/backup

Automated LVM/ZFS snapshot, rsync backups

Primary LanguagePythonMIT LicenseMIT

Automated ZFS/rsync backups for LVM/ZFS snapshots

A suite of Python scripts used to automate backups and restores of ZFS/LVM volumes.

Supports incremental rsync backups over SSH, from remote LVM and ZFS filesystem snapshots to local ZFS or rsync --link-dest storage.

Features

qmsk.rsync-ssh-command

SSH authorized_keys command wrapper for rsync. Compatible with standard rsync SSH remotes.
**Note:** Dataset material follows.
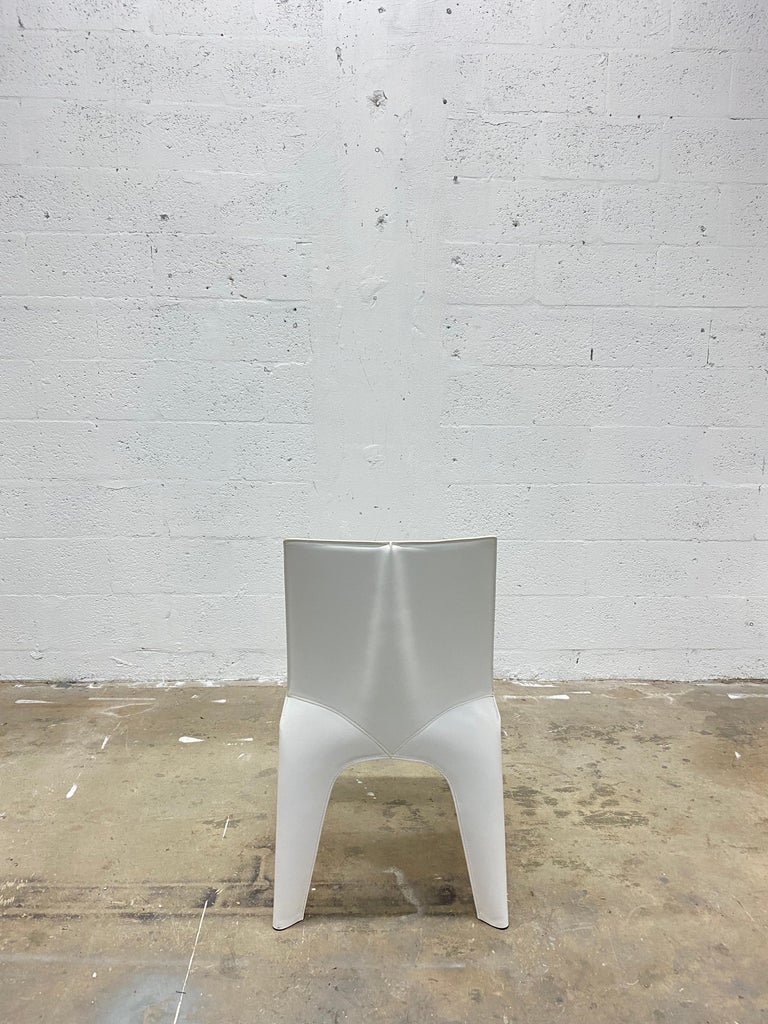 Italian Riccardo Blumer & Matteo Borghi BB Dining Chair in Matte White Leather Poliform For Sale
  • Use --readonly to only allow read-only rsync send operations
  • Use --restrict-path to only allow rsync sends from specific paths
  • Support for rsync HOST:lvm:VG/LV sources to use LVM snapshots for consistent filesystem-level backups
  • Support for rsync HOST:zfs:POOL/DATASET sources to use ZFS snapshots for consistent filesystem-level backups
  • Use --allow-restore to allow rsync write operations for restores to filesystem or LVM volumes
  • Optional --sudo to elevate privileges from non-root SSH user for privileged rsync, lvm operations

qmsk.zfs-ssh-command

SSH authorized_keys command wrapper for zfs. Compatible with ssh ... zfs send ... | zfs recv.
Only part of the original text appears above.